We used the monthly data derived from the CMIP6 historical experiment and future scenarios of SSP245 and SSP58531. Our bias correction method decomposes GCM and reanalysis data into long-term trends and anomalies. The long-term trend is computed using the MME mean derived from 18 CMIP6 models over historical and future time periods (Table 1). The use of MME is expected to significantly reduce the uncertainty in projections of the future climate compared with individual GCMs. However, the MME mean largely cancels out the internal climate variability. To retain the internal climate variability, the anomalies are computed using one of the CMIP6 models. Previous studies have suggested that the MPI-M Earth system models show a generally good performance in the simulation of the sea surface temperature (SST) and atmospheric circulation among the CMIP5 and CMIP6 models32,33,34. We therefore selected the six-hourly dataset produced by the high-resolution version of the MPI-M Earth system model (MPI-ESM1-2-HR) in CMIP6 to generate the weather and interannual variability of the large-scale forcing data. The MPI-ESM1-2-HR is configured with a horizontal grid spacing of 100 km in the atmosphere and 40 km in the ocean35. Compared with its low-resolution counterpart MPI-ESM1.2-LR, MPI-ESM1-2-HR shows an improved performance in mid-latitude storm track dynamics, atmospheric blocking, and quasi-biennial oscillation, although the improvement in the mean state is relatively modest35,36,37. The variables used include the upper air temperature, zonal wind, meridional wind, relative humidity, geopotential height, as well as the surface pressure, sea-level pressure and SST.

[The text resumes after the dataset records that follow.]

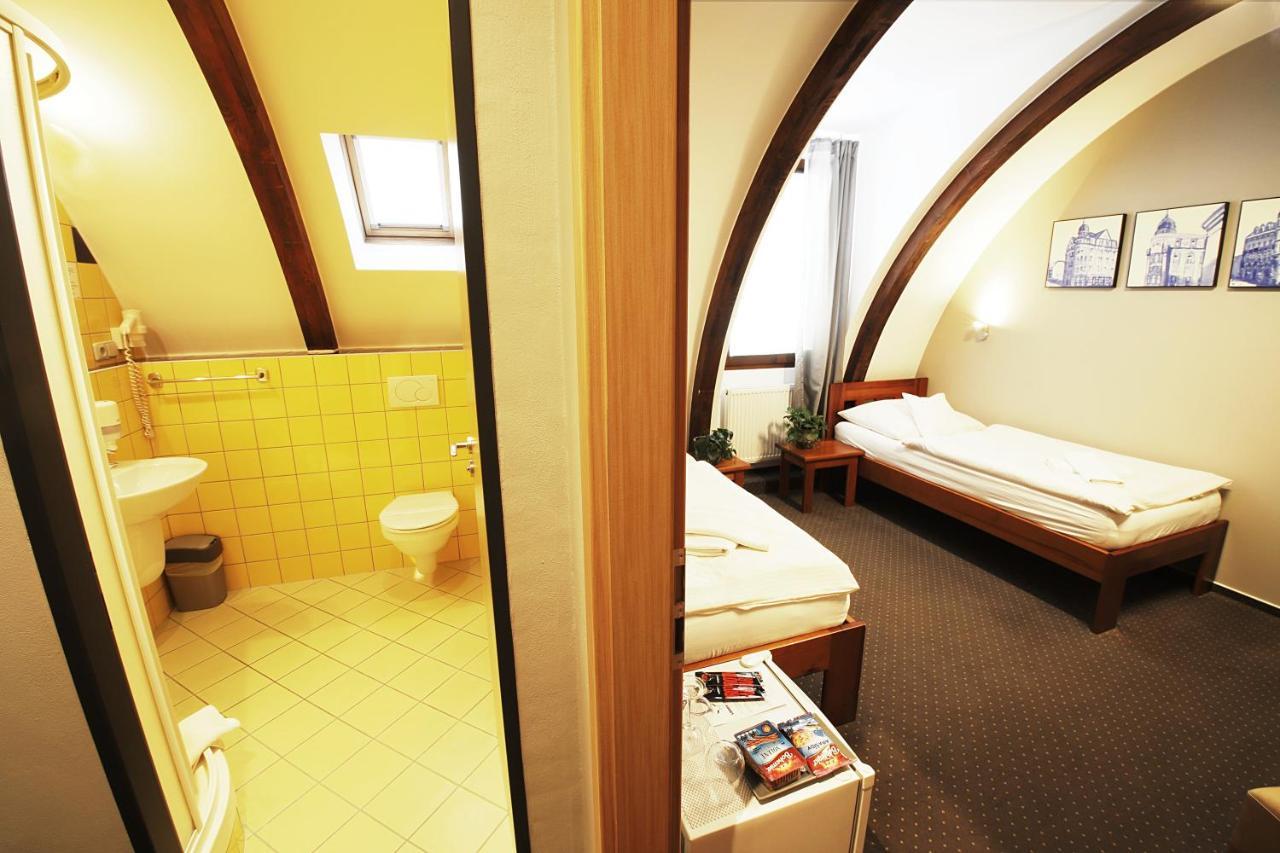 Apart Hotel Jablonec Яблонец над Нисоу Екстериор снимка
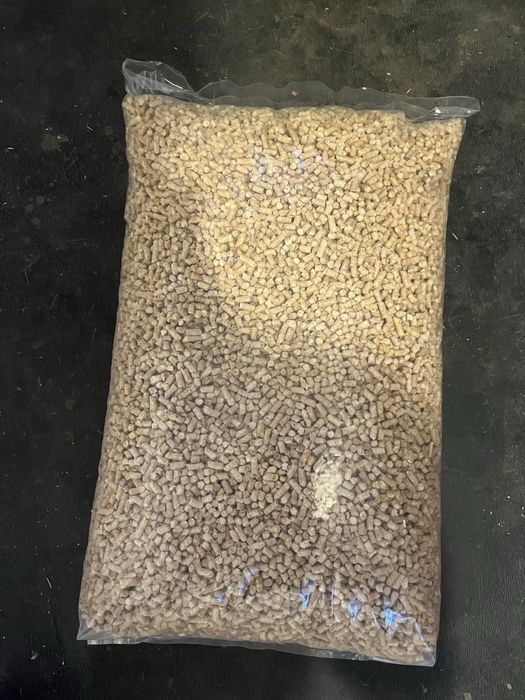 Pellet pelet z trociny bukowo-dębowej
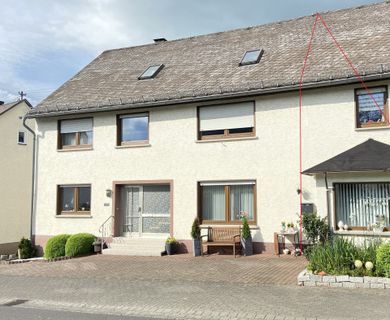 Geräumige & gepflegte Doppelhaushälfte mit kleinem Grundstück und Garage – nähe Hachenburg!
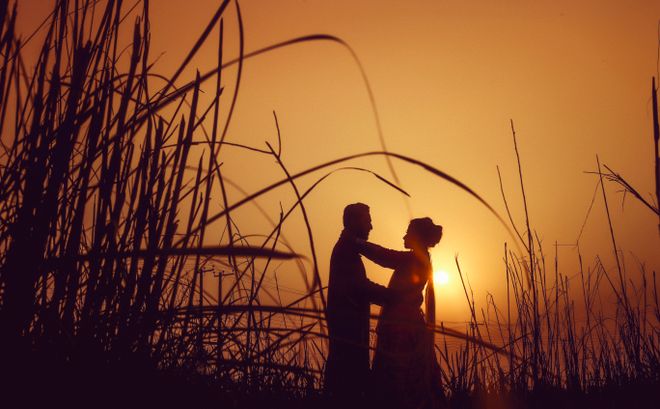 Online dating: starting a conversation on a niche platform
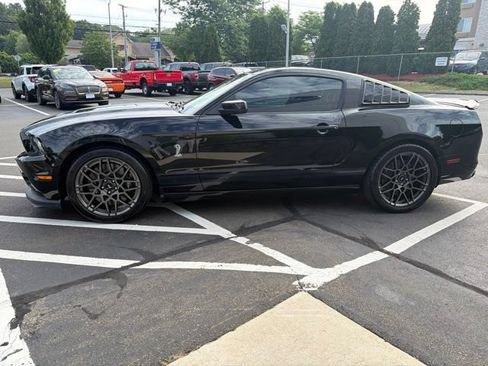 Used 2014 Ford Mustang Shelby GT500 w/ Equipment Group 821A RWD image 5
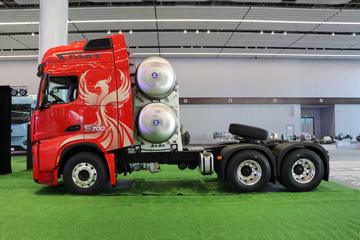 �������ó� �Ӱ�S700 580���� 6X4 LNG�Զ���ǣ����(Һ��)ͼƬ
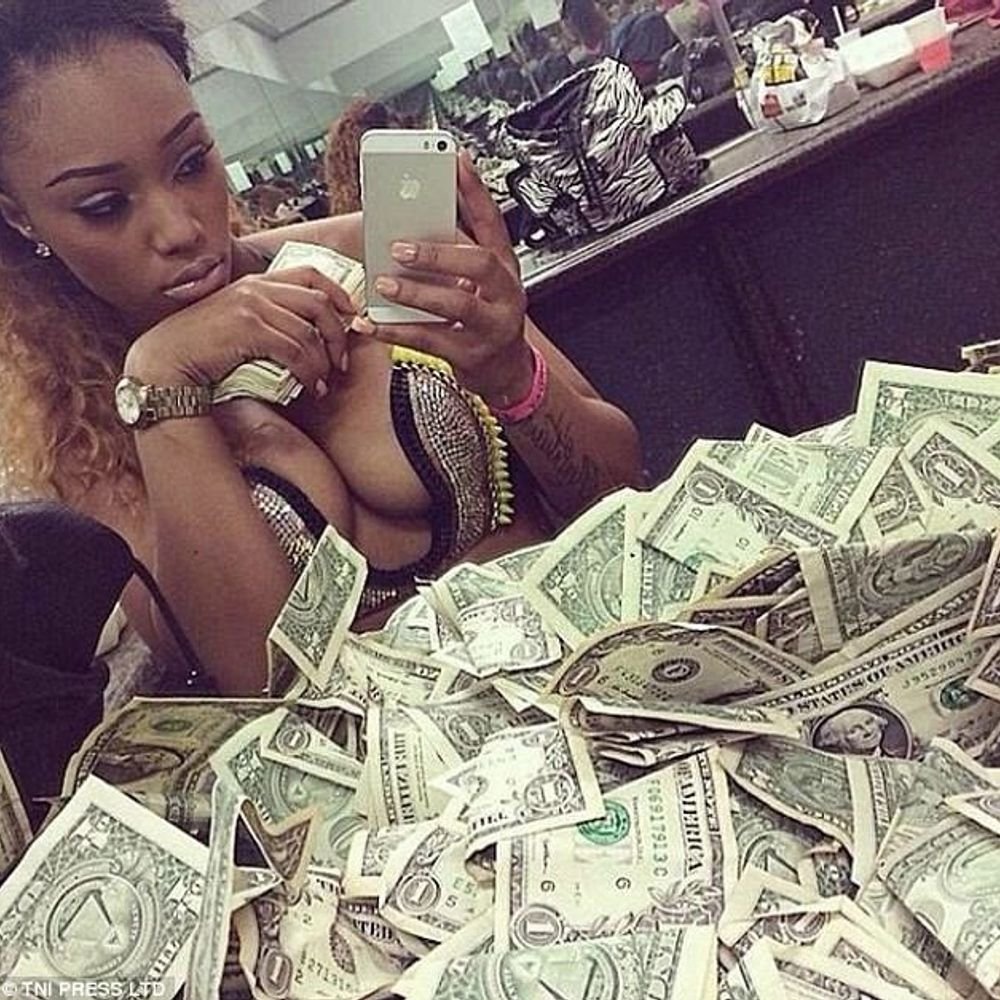 Девушка с долларами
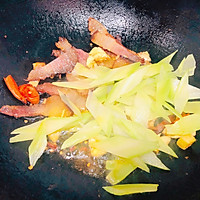 腊肉炒青笋的做法图解7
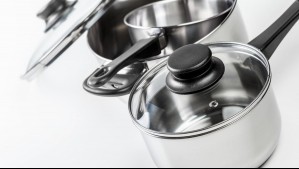 ¿Por qué no debo guardar ollas y sartenes en el horno?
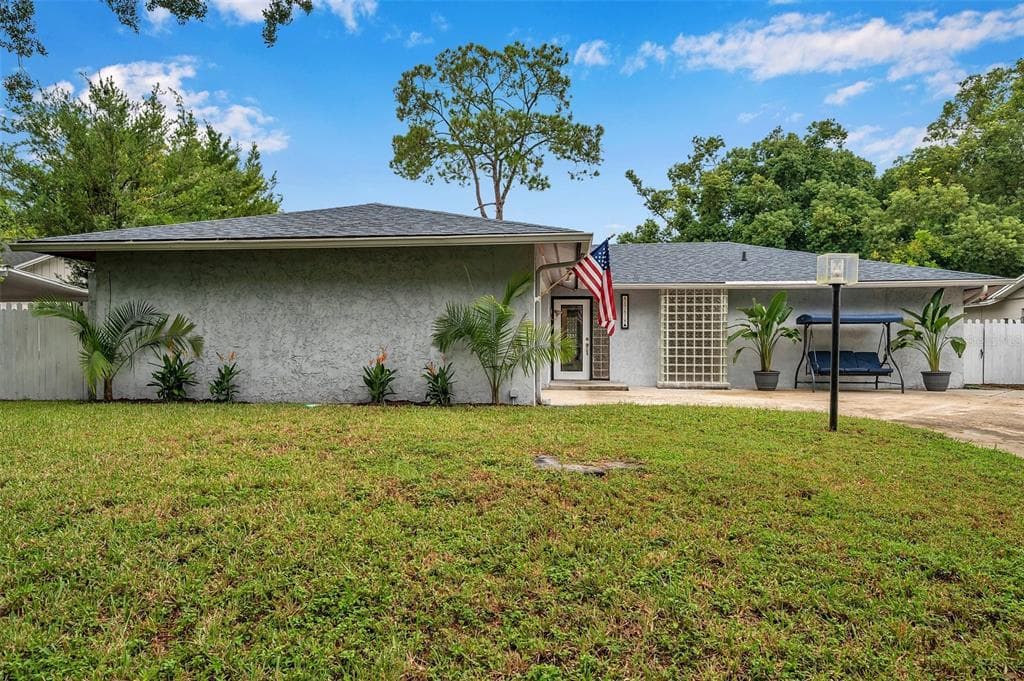 17618 MEADOWBRIDGE DRIVE LUTZ, FL 33549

We also used the European Centre for Medium-Range Weather Forecasts ERA5 reanalysis dataset from 1979 to 2014, which is produced using 4D-var data assimilation38. The ERA5 dataset has a finer horizontal grid spacing of 31 km and more assimilated observations than the ERA-Interim dataset. The ERA5 dataset shows a considerable improvement in the temperature, wind, and humidity in the troposphere, but not in the stratosphere, compared with the ERA-Interim dataset. Both the ERA5 and CMIP6 datasets were re-gridded to a horizontal grid spacing of (1.25° × 1.25°) using bilinear interpolation.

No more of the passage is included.